Están rehaciendo una plaza y varias calles y excepto por el ruido casi todo es igual que en el antiguo Egipto, o en la edad de piedra.
El ruido no aporta eficacia o rapidez, al revés, tensa y perturba. Rehacer una calle cuesta un año, una plaza, una legislatura. Con que acaben las obras para las elecciones es suficiente. Los tiempos y los ritmos son electorales. Los comercios cierran, los vecinos se desesperan de polvo y ruido y furia. Las obras destruyen la ciudad que construyen. Si sobrevives, es para mejor, si sobrevives.
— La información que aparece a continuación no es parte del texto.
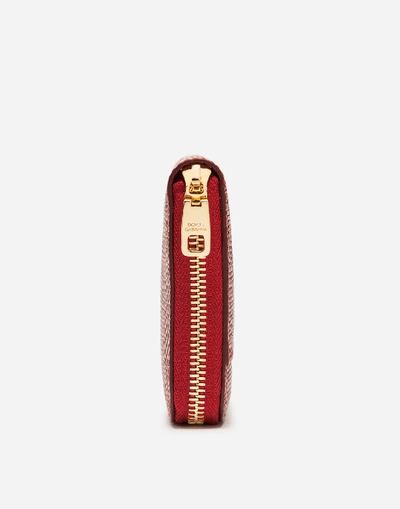Shop Dolce & Gabbana Zip-around Wallet In Iguana Print Calfskin In Red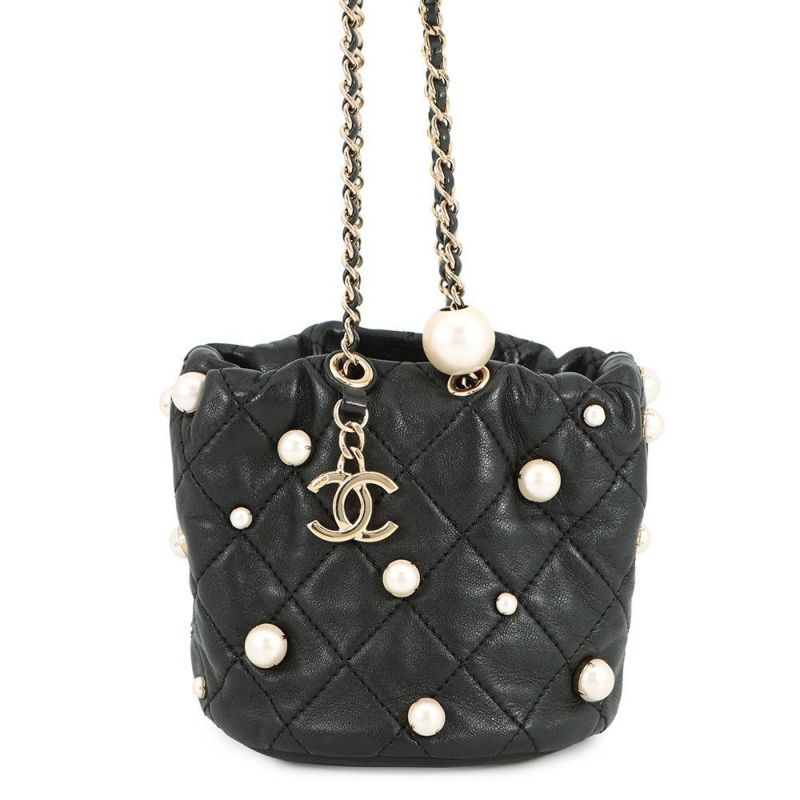シャネル チェーンショルダーバッグ マトラッセ ココマーク ラムスキン フェイクパール AS2518 CHANEL 黒
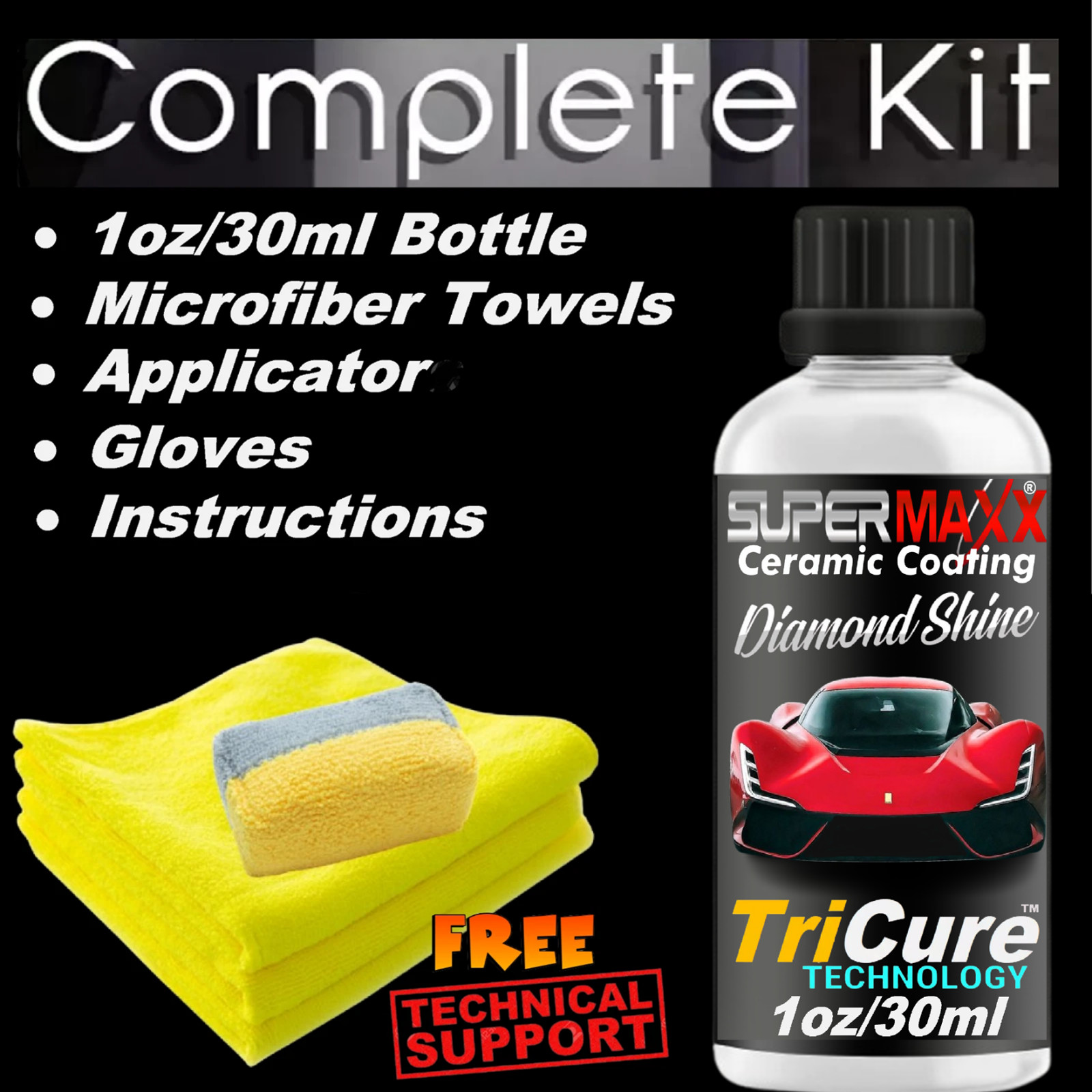 CERAMIC CAR COATING 5 YEAR "TRICURE TECHNOLOGY PRO GRADE POLYSILAZANE" 1oz/30ml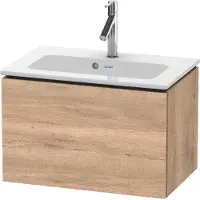Duravit L-Cube Waschtischunterbau wandhängend, Compact, 1 Auszug, 620x400x391mm, LC615605555, Farbe: Eiche Marmoriert Dekor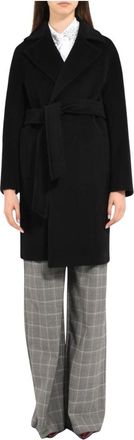 Max Mara Enkelrijige jassen - Dames - Jas met riem - Zwart - S - Wol - Jassen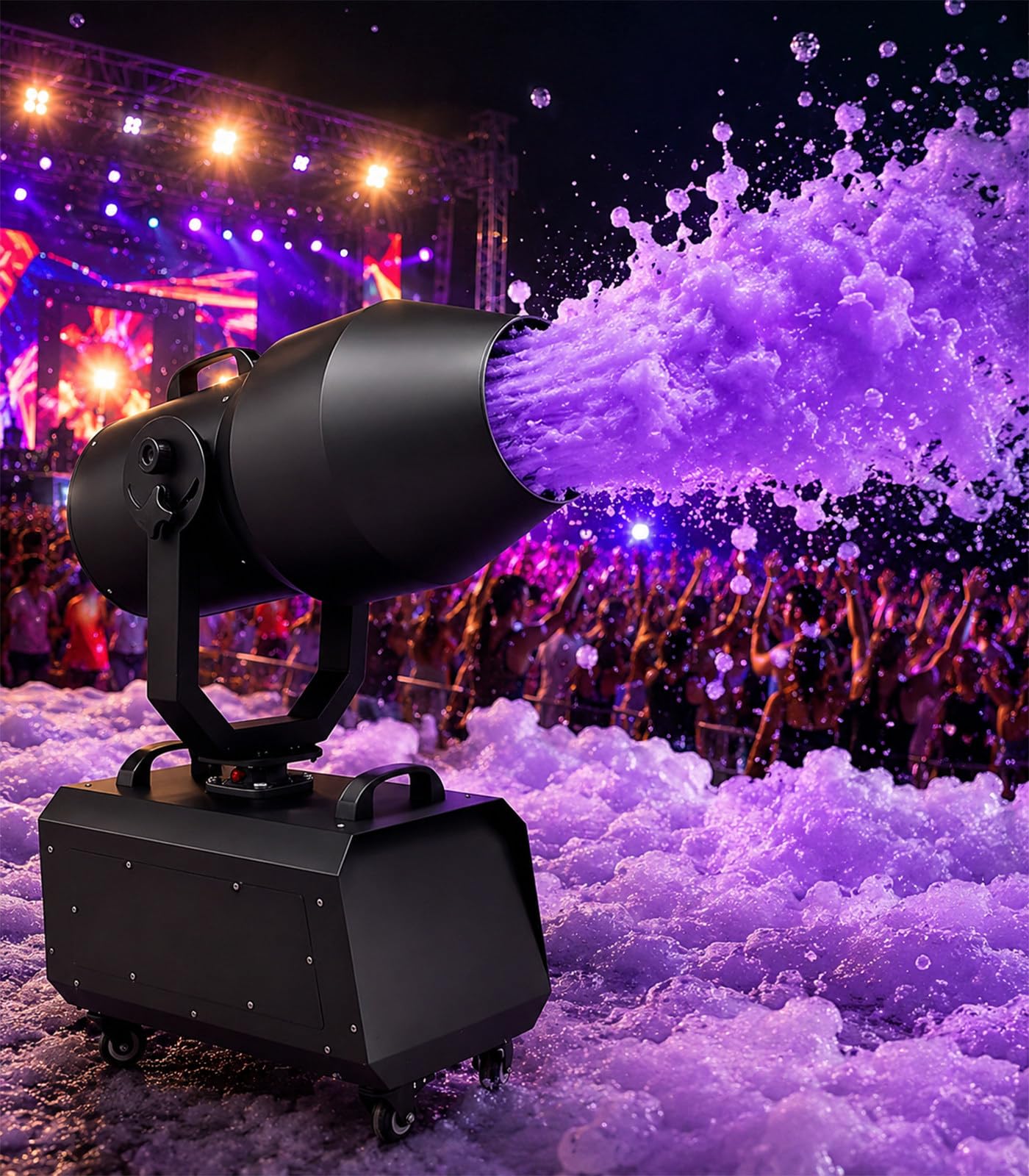 Leistungsstarke Bühneneffekt-Schaummaschine,Shaking Head Dj-Equipment Für Weihnachtliche Atmosphäre,Reichweite 80 M² Flightcasepackaging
Hemos asumido esta locura como tantas otras. Quizá no hay otra forma de hacerlo. En tiempos de robots, informática y silencio la locura se apodera de calles y plazas. El asfalto y los adoquines son igual que hace dos siglos. Hay cosas que no evolucionan. Hombres con sierras horrísonas, taladros, compresores, martillos mecánicos, ruidos infernales. Entre polvo sudor y hierro el Cid taladra.
Las calles nuevas se suelen reabrir a los pocos meses, alguien ha olvidado la fiambrera o hay que tender una conducción impensable en su día, otro gas, fibra, un tubo diferente, o revientan las tuberías porque son demasiado nuevas y los empalmes no soportan la presión.
El campo funciona con siembra directa, las almendras se recogen con un paraguas mecanizado. Pero los adoquines se ponen uno a uno, y se han de compactar con trato individual, con el mismo cuidado con el que se encajaban las dovelas en el XI. Solo falta que llevan las marcas del cantero. Los bancos no admiten personas humanas en sus oficinas, remiten a las máquinas, pero las obras son analógicas como en el neolítico. Pim, pam, pim, pam, scrrrratch, cataclonk.
Las personas son conducidas como ovejas por laberintos estrechísimos cuyo trazado cambia cada día, según la tiranía de las obras y el capricho de las excavadoras, apisonadores, grúas, monstruos temibles con tentáculos que emiten pitidos espantosos. Las personas, con sus carteras de ruedas, andadores, carritos, bastones, patines con y sin motor, mochilas, sillas motorizadas, carros de la compra, carretones de reparto… son desviadas cada día por angostas pasarelas provistas de endebles barandillas, tan estrechas que cruzarse es una hazaña: hay más intimidad en esos desfiladeros de las obras que en las casas.
Todo ha cambiado, todo avanza, el aire genera luz, el sol produce energía, con un móvil puedes hablar y ver a tu primo en Brasil, todo ha cambiado… menos las obras de las calles.
La obra es inmune al progreso, si es que esta palabra puede usarse sin comillas. El suelo, una vez echado, es inamovible: no hay otra forma de levantarlo que serrar de nuevo y taladrar y destruirlo todo. Y habrá que levantarlo en breve, es mera estadística.
Quizá no haya otra forma de echar las calles, si se hubiera descubierto o patentado se sabría, alguien lo haría, igual que en casi todas las actividades humanas. Hasta se inventó el ordenador, y hay plataformas espaciales girando ahí arriba. Pero hay sectores que funcionan con usos milenarios, que no evolucionan. No existe la modularidad, ni los nuevos materiales que soslayen el apelmazamiento, ni la automatización. Todo es a mano, las máquinas parece que solo sirven de atrezo, paisaje y gasto y polución. El gasoil sigue impertérrito, la electrificación no llega a las obras, ni el hidrógeno, ni la bomba atómica. Los inventos y la tecnología se detienen misteriosamente en la prehistoria cuando hay que hacer o rehacer una calle, una plaza.
Al fin se inaugura el tramo, desaparecen los monstruos ya familiares, se retiran los artilugios y todo está perfecto, pulido y sembrado, aunque siempre queda algún rincón con vallas y sacos y, en los pueblos, una hormigonera pequeña. La hormigonera es el monumento de la España vacía. (El libro de Andrés Rubio “España fea” reproduce el dolor que se siente al natural, y explica cosas buenas que han hecho en otros países). Es posible o quizá frecuente que en la traumática remodelación el ímpetu de gestores y máquinas se haya llevado por delante algunos vestigios de patrimonio cultural.
Luego, quizá se han olvidado de poner una fuentecilla que funcione. El milagro de una nueva plaza es que haya algunos bancos con sombra, un carasol y una fuente de la que salga agua.